Swedish music band ABBA, shown here as wax figures, has sold more than 400 million records worldwide.
Jonathan Nakstrand | Afp | Getty Images
Founding member Bjorn Ulfauss told CNBC that pop legends ABBA are taking a big gamble on their latest immersive project.
The much-anticipated immersive performance called ABBA Voyage has been described as a “concert that took 40 years to prepare” and features digital avatars of the Swedish supergroup accompanied by a 10-piece live band.
Speaking in late April ahead of the much-anticipated world premiere in London, UK, this week, Ulvaeus told CNBC that it’s a “risky project in many ways”.
“The risk, of course, is that people won’t find it is the experience I think and hope it will be.
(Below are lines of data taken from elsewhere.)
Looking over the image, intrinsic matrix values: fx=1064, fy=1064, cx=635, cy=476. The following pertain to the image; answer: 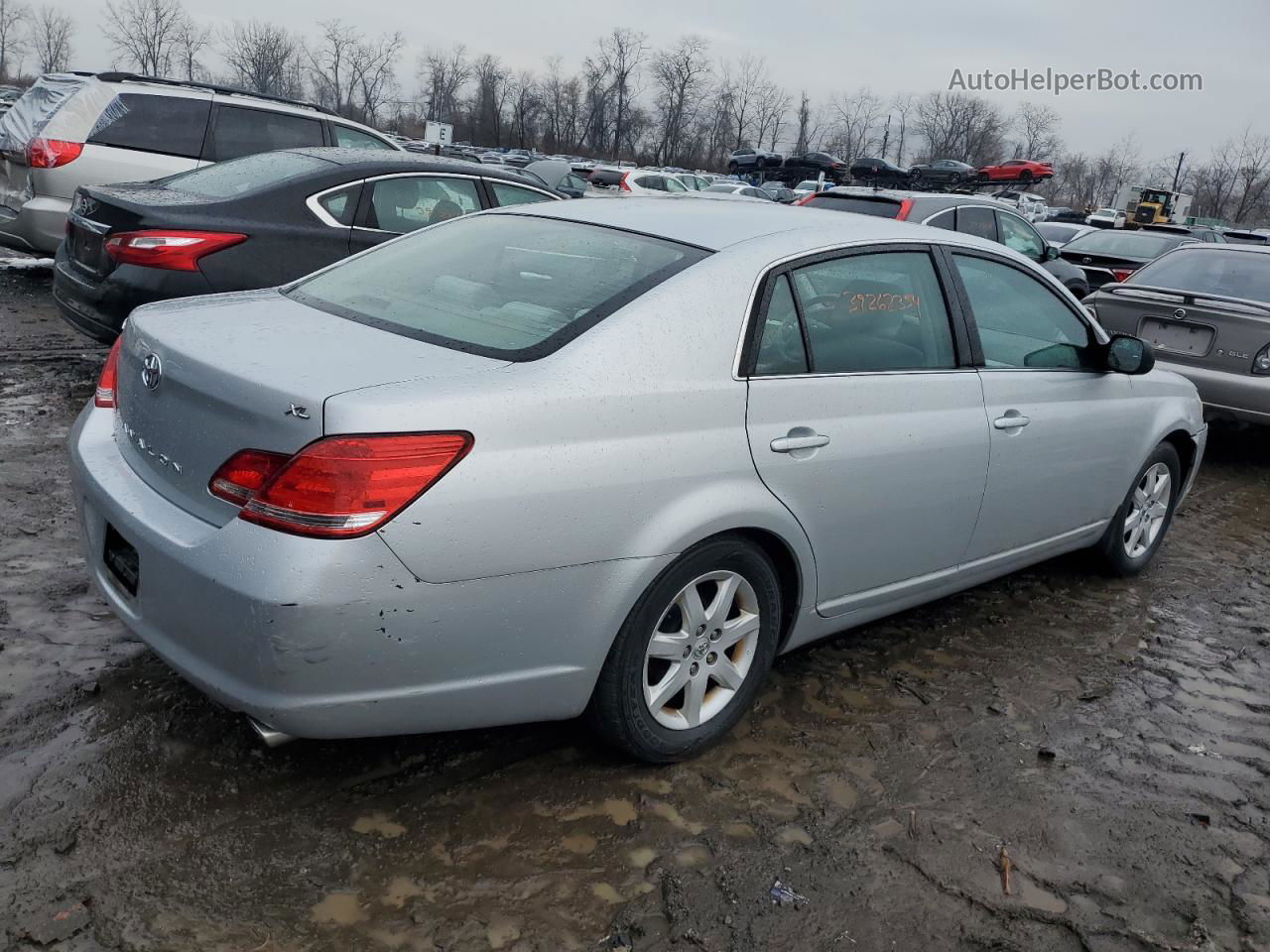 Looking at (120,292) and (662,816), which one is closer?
(662,816)

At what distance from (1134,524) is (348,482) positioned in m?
3.88

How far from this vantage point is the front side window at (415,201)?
645 centimetres

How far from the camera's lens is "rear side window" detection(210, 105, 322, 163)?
8.82 metres

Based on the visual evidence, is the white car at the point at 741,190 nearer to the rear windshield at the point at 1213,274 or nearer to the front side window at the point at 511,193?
the rear windshield at the point at 1213,274

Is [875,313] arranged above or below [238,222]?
above

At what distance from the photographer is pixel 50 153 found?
8070 mm

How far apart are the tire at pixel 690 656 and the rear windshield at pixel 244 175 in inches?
172

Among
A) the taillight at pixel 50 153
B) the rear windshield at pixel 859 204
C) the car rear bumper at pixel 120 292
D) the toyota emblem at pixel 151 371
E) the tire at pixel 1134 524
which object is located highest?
the rear windshield at pixel 859 204

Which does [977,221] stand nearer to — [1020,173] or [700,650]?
[700,650]

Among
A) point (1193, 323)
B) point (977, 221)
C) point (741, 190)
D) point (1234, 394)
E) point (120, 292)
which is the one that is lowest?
point (1234, 394)

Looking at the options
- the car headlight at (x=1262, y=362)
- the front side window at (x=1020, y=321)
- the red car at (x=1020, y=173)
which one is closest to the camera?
the front side window at (x=1020, y=321)

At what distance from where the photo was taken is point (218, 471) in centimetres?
→ 244

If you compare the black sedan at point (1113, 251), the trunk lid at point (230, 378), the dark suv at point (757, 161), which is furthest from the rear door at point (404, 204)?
the dark suv at point (757, 161)

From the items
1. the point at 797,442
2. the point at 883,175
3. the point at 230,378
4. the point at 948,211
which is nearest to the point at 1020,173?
the point at 883,175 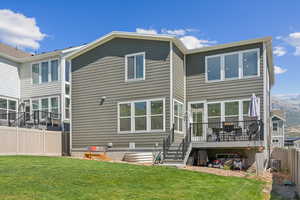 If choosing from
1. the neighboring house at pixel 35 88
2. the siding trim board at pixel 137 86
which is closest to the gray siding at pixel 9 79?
the neighboring house at pixel 35 88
That’s the main thing. If people go from thinking about the concert, yeah, well, it wasn’t bad but… we want them to feel , you know, with emotion and they feel like they’ve been through something they’ve never seen before.”
latest album
The pop icon also confirmed to CNBC that the much-loved band’s 2021 “Voyage” album — their first in 40 years — will be their last.
ABBA – Agnetha Faltskog, Bjorn Ulvaeus, Benny Andersson and Anni-Frid Lyngstad – took to the world stage after winning the Eurovision Song Contest with the song Waterloo in 1974.
The band has gone on to sell over 400 million records worldwide, reportedly second only to Volvo as one of Sweden’s biggest exports.
It’s been 40 years since the band’s last show together, and Ulvaeus said he’s been “nervous and euphoric.”
He said he expects this week’s ABBA Voyage Digital Gala opening to be “very special” and beat any other moment in his career so far.
On the last episode of “CNBC’s Conversation”“ Ulvaeus says the idea first came about about five years ago — to create “ABBA-tar” digital versions of the band from their 1979 main concert, in a sophisticated concert.
He said that experiments had been conducted before with Michael Jackson and Elvis, but that the team behind the technology made sure to use it with live characters.
“You’d better do it with someone who’s still alive because your skull, even though the rest of your body is collapsing… The measurements in the skull are the same, so it’s easier to recreate a smaller version of yourself if you’re still,” said Ulvaeus.
To create the human-like avatars, the four band members, who are now in their 70s, donned motion-capture suits and performed all the songs on stage in a specially built studio in Stockholm, Sweden.
“They wore us kind of tight costumes, black with dots and there were dots on our faces, and we had helmets. And then we go to that stage and do a song almost like we had it performed on the old British ‘Top of the Pops’ [TV] program,” he said.
“It was weird at first. I mean, I was looking around and there’s Agnetha doing her thing, and me, just like the old days. But in the end, it was fun.”
deep fake
Ulvaeus said the band has been leading the way with the technology behind ABBA Voyage.
“We are pioneers in this field, for making avatars, for building digital copies like humans – into the pores, through the hairs in the nose, through everything [it] It will make you feel after a while that this is a human, this is not digital, this is a video of a human, and it is very interesting to be a pioneer and to do it in that context,” he said.
But the celebrity star said he was concerned about how the technology could be misused by those who want to create a “deep fake”.
“I realized that they can be abused, and they will be abused. Our avatars will not be used, but other avatars will be used as vehicles that say things the original people don’t mean, fake, I mean, deep fake. Indistinguishable from the real thing in the future and that’s Something we should really pay attention to.”
“But somebody was going to do it anyway, so I thought maybe I’d do it in a positive way because the pioneers would be good to show how it can be used.”
A purpose-built ‘ABBA Arena’ that can seat 3,000 spectators has been built in the Queen Elizabeth Olympic Park in London.
Shows for the ABBA Voyage concert are open to the public on May 27, and Ulvaeus told CNBC that they can expect a hit show with a few little-known songs, and some songs from their latest album.